GAINESVILLE -- The Demarcus Robinson hype-train is rapidly approaching maximum velocity.
The 6-2, 201-pound receiver is just a freshman, yet Robinson already has been tabbed Florida’s savior at a position starved for playmakers.
Good luck, kid.
“I’m not appointing him the greatest thing on Earth yet because he’s got to play a game,” offensive coordinator Brent Pease said. “But I know he’s worked at his skill, and I think he’s understanding what his opportunity and job is on each play.”

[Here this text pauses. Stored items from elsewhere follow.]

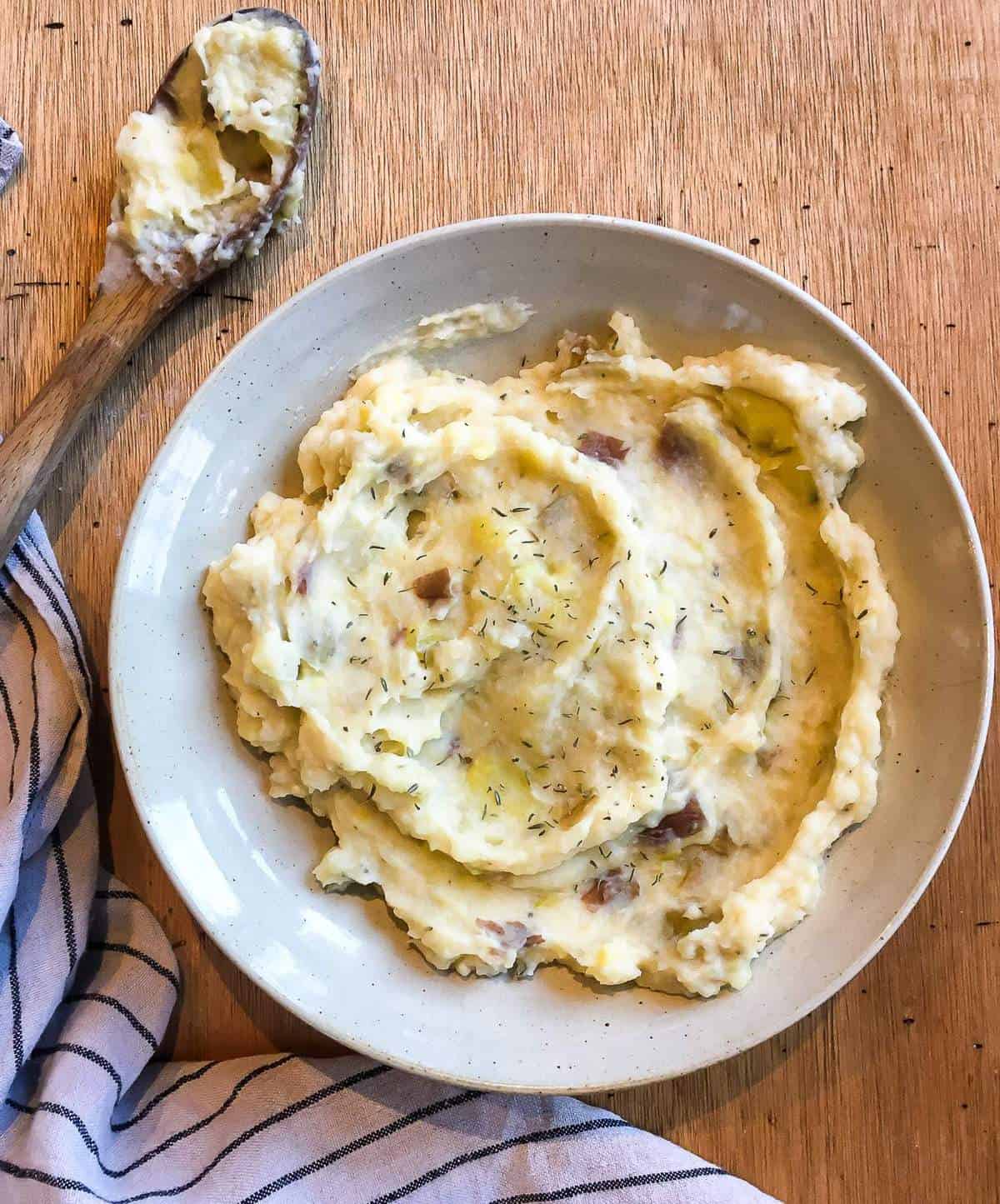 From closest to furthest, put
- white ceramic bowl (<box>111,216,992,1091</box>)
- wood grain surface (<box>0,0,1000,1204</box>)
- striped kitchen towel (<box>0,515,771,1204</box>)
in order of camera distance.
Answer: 1. white ceramic bowl (<box>111,216,992,1091</box>)
2. striped kitchen towel (<box>0,515,771,1204</box>)
3. wood grain surface (<box>0,0,1000,1204</box>)

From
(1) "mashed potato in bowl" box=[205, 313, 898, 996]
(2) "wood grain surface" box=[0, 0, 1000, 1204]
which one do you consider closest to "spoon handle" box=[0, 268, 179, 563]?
(2) "wood grain surface" box=[0, 0, 1000, 1204]

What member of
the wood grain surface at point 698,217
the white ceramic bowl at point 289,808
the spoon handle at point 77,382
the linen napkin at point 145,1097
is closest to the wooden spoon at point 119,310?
the spoon handle at point 77,382

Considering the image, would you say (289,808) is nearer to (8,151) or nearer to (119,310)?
(119,310)

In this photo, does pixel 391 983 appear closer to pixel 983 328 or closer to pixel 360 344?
pixel 360 344

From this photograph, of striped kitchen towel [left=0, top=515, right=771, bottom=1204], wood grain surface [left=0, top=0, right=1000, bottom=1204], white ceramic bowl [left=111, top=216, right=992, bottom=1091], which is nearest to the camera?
white ceramic bowl [left=111, top=216, right=992, bottom=1091]

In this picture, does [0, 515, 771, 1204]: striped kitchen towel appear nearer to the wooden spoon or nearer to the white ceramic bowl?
the wooden spoon

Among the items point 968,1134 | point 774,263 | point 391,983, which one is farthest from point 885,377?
point 968,1134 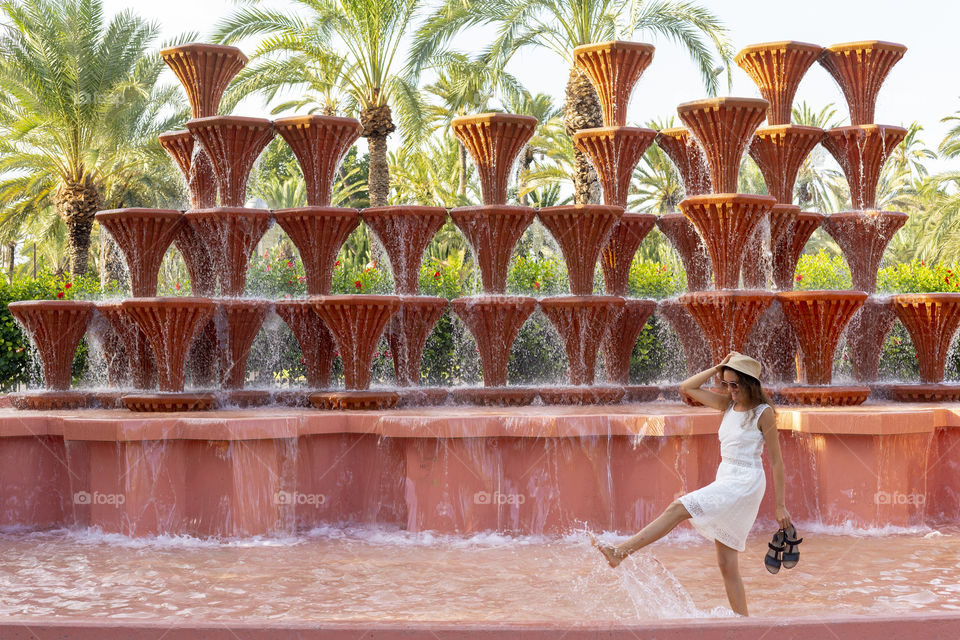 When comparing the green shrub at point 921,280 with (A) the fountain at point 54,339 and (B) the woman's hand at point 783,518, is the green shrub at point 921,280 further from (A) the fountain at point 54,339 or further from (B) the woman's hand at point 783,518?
(A) the fountain at point 54,339

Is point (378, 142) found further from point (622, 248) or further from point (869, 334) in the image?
point (869, 334)

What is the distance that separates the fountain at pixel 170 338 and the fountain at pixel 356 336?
3.51 ft

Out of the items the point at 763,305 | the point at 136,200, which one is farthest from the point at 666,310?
the point at 136,200

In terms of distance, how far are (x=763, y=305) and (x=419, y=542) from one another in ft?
13.6

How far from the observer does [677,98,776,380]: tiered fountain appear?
9.41 metres

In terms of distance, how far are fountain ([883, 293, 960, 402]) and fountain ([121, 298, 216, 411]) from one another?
704cm

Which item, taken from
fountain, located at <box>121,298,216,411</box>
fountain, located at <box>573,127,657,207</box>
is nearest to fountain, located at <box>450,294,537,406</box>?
fountain, located at <box>573,127,657,207</box>

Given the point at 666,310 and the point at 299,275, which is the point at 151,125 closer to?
the point at 299,275

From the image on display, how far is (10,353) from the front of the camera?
13938 millimetres

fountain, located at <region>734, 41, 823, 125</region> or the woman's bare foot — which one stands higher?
fountain, located at <region>734, 41, 823, 125</region>

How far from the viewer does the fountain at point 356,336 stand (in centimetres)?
921

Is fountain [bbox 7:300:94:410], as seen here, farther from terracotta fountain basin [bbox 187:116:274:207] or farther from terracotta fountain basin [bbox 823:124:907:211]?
terracotta fountain basin [bbox 823:124:907:211]

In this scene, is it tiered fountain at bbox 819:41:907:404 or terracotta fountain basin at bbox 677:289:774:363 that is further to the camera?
tiered fountain at bbox 819:41:907:404

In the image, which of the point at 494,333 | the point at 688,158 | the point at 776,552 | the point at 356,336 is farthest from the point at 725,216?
the point at 776,552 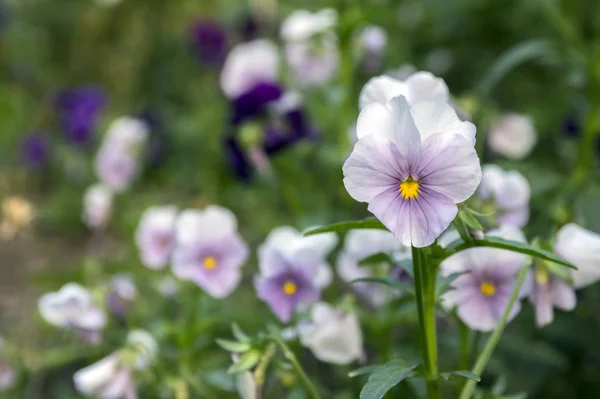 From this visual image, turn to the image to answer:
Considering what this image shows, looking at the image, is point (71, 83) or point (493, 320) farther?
point (71, 83)

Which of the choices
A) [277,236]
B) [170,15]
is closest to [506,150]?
[277,236]

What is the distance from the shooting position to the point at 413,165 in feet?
2.98

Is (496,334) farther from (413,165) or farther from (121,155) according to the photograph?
(121,155)

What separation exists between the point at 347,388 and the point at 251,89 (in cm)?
70

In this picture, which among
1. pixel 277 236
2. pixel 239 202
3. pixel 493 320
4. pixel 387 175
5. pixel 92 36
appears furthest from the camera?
pixel 92 36

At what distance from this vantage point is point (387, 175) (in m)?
0.91

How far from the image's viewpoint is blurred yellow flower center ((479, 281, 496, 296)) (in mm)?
1152

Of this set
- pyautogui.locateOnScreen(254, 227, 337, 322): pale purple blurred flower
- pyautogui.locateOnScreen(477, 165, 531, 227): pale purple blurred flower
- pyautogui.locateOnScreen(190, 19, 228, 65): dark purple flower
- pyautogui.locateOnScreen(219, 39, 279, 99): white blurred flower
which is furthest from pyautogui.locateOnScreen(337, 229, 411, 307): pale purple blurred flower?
pyautogui.locateOnScreen(190, 19, 228, 65): dark purple flower

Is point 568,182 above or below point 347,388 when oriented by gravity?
above

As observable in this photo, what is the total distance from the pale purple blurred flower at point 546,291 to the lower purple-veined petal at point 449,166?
0.32 m

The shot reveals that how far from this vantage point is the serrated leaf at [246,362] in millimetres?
1082

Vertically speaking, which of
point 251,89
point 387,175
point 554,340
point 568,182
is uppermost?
point 251,89

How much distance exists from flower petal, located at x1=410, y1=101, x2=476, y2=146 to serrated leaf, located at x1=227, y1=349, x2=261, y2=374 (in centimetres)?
39

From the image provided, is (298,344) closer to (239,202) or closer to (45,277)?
(45,277) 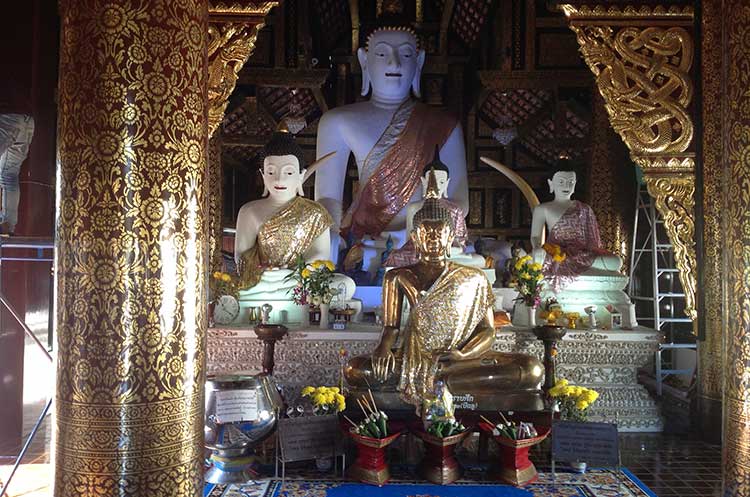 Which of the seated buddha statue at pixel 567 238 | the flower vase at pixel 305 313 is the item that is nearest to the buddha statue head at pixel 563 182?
the seated buddha statue at pixel 567 238

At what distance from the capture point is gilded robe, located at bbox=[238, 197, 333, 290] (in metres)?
6.51

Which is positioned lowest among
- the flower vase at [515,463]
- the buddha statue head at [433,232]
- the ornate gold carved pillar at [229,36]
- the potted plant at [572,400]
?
the flower vase at [515,463]

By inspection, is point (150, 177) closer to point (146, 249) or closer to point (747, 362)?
point (146, 249)

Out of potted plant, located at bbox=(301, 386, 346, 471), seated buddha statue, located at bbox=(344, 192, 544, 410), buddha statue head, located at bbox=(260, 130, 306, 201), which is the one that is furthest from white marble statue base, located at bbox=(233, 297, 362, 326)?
potted plant, located at bbox=(301, 386, 346, 471)

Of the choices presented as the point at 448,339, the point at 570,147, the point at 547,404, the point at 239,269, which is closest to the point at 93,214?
the point at 448,339

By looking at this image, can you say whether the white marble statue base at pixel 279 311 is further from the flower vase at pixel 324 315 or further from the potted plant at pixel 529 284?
the potted plant at pixel 529 284

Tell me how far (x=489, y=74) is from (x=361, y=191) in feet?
7.90

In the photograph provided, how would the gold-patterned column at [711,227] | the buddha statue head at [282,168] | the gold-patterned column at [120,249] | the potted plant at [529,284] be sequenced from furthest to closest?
the buddha statue head at [282,168] < the potted plant at [529,284] < the gold-patterned column at [711,227] < the gold-patterned column at [120,249]

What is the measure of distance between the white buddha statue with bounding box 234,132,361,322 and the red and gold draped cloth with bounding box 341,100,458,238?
1.42 meters

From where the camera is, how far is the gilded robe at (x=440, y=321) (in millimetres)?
4363

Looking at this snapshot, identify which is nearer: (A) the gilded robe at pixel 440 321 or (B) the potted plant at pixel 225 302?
(A) the gilded robe at pixel 440 321

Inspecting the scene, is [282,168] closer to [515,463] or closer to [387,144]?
[387,144]

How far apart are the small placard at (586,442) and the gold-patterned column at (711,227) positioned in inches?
63.2

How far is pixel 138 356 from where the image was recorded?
2768mm
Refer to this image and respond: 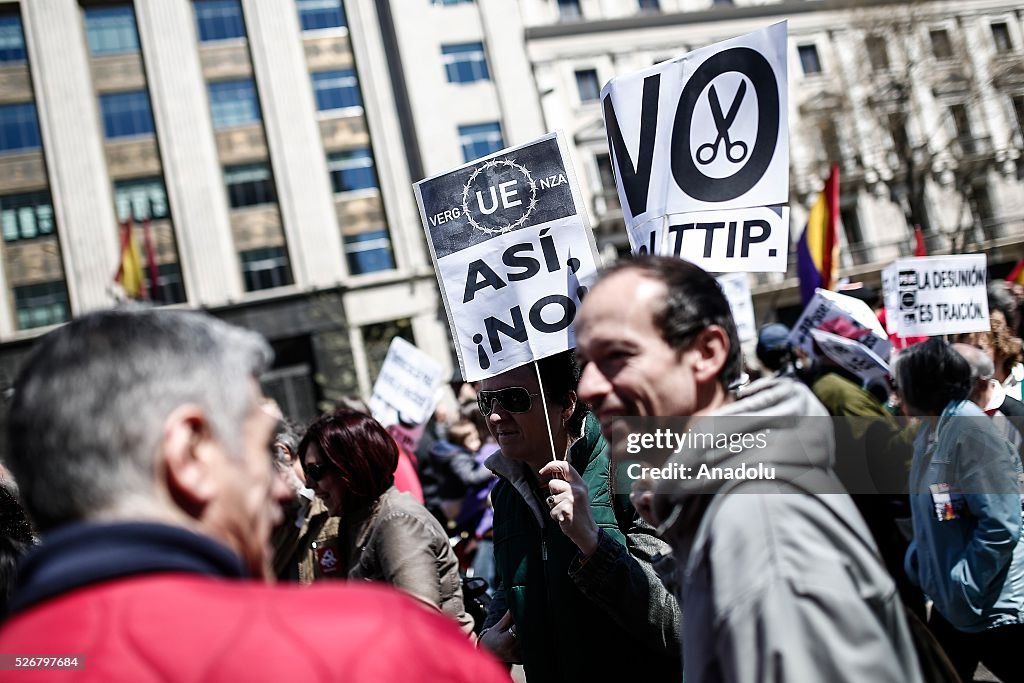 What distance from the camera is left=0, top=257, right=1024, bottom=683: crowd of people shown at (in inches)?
37.4

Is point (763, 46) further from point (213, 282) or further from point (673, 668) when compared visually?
point (213, 282)

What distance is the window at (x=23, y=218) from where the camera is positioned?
25438 millimetres

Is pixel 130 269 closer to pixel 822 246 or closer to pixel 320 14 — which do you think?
pixel 320 14

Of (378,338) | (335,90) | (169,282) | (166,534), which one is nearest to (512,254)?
(166,534)

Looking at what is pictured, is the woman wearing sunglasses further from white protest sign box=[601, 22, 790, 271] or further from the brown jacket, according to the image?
white protest sign box=[601, 22, 790, 271]

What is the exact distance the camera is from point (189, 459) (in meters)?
1.07

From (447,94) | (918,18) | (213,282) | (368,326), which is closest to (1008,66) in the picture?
(918,18)

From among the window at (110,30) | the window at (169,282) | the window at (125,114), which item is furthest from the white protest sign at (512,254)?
the window at (110,30)

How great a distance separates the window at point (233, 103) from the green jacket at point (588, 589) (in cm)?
2658

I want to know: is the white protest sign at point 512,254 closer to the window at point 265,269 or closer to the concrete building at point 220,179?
the concrete building at point 220,179

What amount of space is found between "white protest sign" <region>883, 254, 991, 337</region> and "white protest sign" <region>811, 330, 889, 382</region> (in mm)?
828

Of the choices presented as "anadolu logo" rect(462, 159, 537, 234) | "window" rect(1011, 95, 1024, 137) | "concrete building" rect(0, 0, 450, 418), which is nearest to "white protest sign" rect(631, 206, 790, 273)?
"anadolu logo" rect(462, 159, 537, 234)

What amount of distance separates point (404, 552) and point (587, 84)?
31.3 meters

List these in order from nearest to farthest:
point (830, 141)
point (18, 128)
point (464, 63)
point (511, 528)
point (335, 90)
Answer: point (511, 528)
point (18, 128)
point (335, 90)
point (464, 63)
point (830, 141)
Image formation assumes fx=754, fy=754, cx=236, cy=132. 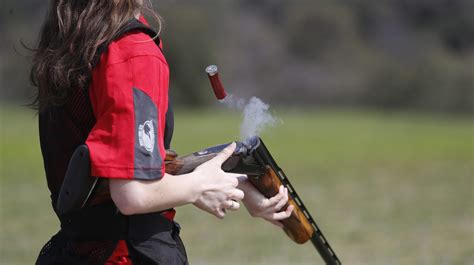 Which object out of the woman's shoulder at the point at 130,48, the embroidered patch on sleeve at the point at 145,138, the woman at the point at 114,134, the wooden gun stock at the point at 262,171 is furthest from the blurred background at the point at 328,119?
the embroidered patch on sleeve at the point at 145,138

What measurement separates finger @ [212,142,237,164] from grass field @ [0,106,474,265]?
1.66ft

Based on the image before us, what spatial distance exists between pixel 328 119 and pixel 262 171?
3515cm

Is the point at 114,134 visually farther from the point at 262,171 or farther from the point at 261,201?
the point at 261,201

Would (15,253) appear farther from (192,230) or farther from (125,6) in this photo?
(125,6)

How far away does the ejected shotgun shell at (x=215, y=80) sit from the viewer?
110 inches

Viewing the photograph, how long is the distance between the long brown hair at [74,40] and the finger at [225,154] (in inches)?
20.9

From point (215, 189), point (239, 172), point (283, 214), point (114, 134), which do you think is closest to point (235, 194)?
point (215, 189)

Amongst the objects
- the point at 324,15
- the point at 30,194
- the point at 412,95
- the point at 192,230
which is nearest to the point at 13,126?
the point at 30,194

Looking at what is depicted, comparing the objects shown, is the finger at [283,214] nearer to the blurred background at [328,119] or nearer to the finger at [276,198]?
the finger at [276,198]

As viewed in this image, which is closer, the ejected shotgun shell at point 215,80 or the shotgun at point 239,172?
the shotgun at point 239,172

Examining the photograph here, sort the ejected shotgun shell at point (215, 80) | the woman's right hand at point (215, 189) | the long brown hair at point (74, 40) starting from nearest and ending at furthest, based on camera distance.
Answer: the long brown hair at point (74, 40), the woman's right hand at point (215, 189), the ejected shotgun shell at point (215, 80)

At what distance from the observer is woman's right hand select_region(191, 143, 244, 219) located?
8.36 feet

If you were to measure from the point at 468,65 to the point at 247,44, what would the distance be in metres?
19.0

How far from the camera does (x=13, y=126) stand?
97.2ft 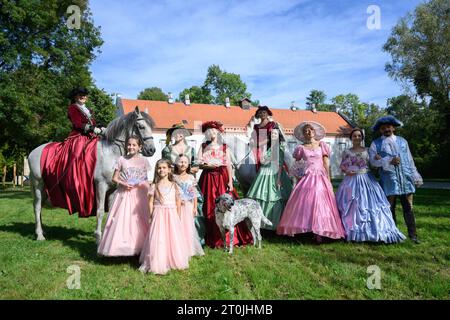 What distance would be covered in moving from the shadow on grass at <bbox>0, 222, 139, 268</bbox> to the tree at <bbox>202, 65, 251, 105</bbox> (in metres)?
55.4

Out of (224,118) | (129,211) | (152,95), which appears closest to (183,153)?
(129,211)

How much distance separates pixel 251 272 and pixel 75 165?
13.5ft

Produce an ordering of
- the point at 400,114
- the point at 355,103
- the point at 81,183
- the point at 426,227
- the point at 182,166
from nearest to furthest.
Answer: the point at 182,166
the point at 81,183
the point at 426,227
the point at 400,114
the point at 355,103

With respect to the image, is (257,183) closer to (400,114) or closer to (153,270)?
(153,270)

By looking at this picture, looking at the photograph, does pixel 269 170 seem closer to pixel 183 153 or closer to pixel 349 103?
pixel 183 153

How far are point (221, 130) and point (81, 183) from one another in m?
2.97

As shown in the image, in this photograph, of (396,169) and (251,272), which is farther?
(396,169)

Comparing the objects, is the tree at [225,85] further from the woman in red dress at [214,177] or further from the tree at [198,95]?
the woman in red dress at [214,177]

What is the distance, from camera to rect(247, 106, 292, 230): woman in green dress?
7074 millimetres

Robinson, who enrolled early in school in January, has starred in both spring and fall practices, electrifying teammates, coaches and fans with his physical frame and downfield explosiveness.
Expectations were already high for Robinson, a four-star prospect from Peach County (Ga.). Now they are getting higher.
All-Southeastern Conference cornerback Marcus Roberson called Robinson the greatest freshman wideout he ever has played against.
“He’s the best I’ve seen in person,” said Roberson, a junior. “The sky is the limit for him. His game has elevated as camp went on.”
Robinson torched UF’s first-team cornerback during one practice this fall, wowing those in attendance with a brilliant one-handed grab over Roberson for a touchdown.
According to the coaching staff, that has been a daily occurrence.
“He’s just got instincts in running routes,” coach Will Muschamp said. “He’s been pretty consistently making some vertical plays for us down the field.”
Pease has done little to temper his praise, likening Robinson’s talent to Austin Pettis — the St. Louis Rams’ third-round pick in 2011 — but only better.
“[Robinson] probably has a lot more speed and athleticism,” Pease said.
Pettis played under Pease — then a wide receivers coach — for four years at Boise State, setting school records in catches (229) and touchdowns (39).
Although Muschamp called Robinson “a positive for our offense,” and Pease gushed over his “great hands,” it remains to be seen how much of an impact Robinson makes in Saturday’s season opener against Toledo.
Robinson’s steady progress has allowed cornerback Loucheiz Purifoy to remain mainly on defense, but the wideout isn’t a starter yet — albeit in name only — and freshman receivers — even ballyhooed prospects — haven’t found success at UF in more than five seasons.
Percy Harvin’s 2006 season — 34 catches, 41 rushes, five total touchdowns — stands as an outlier; freshmen Andre Debose, Quinton Dunbar, Deonte Thompson and Omarius Hines all redshirted, while Robert Clark (2010) and Latroy Pittman (2012) combined for just nine receptions.
But the historical data seem irrelevant to Robinson’s teammates, as they continue to laud the freshman’s skill-set and ability to produce immediately.
“He’s special,” Dunbar said. “He could be great.”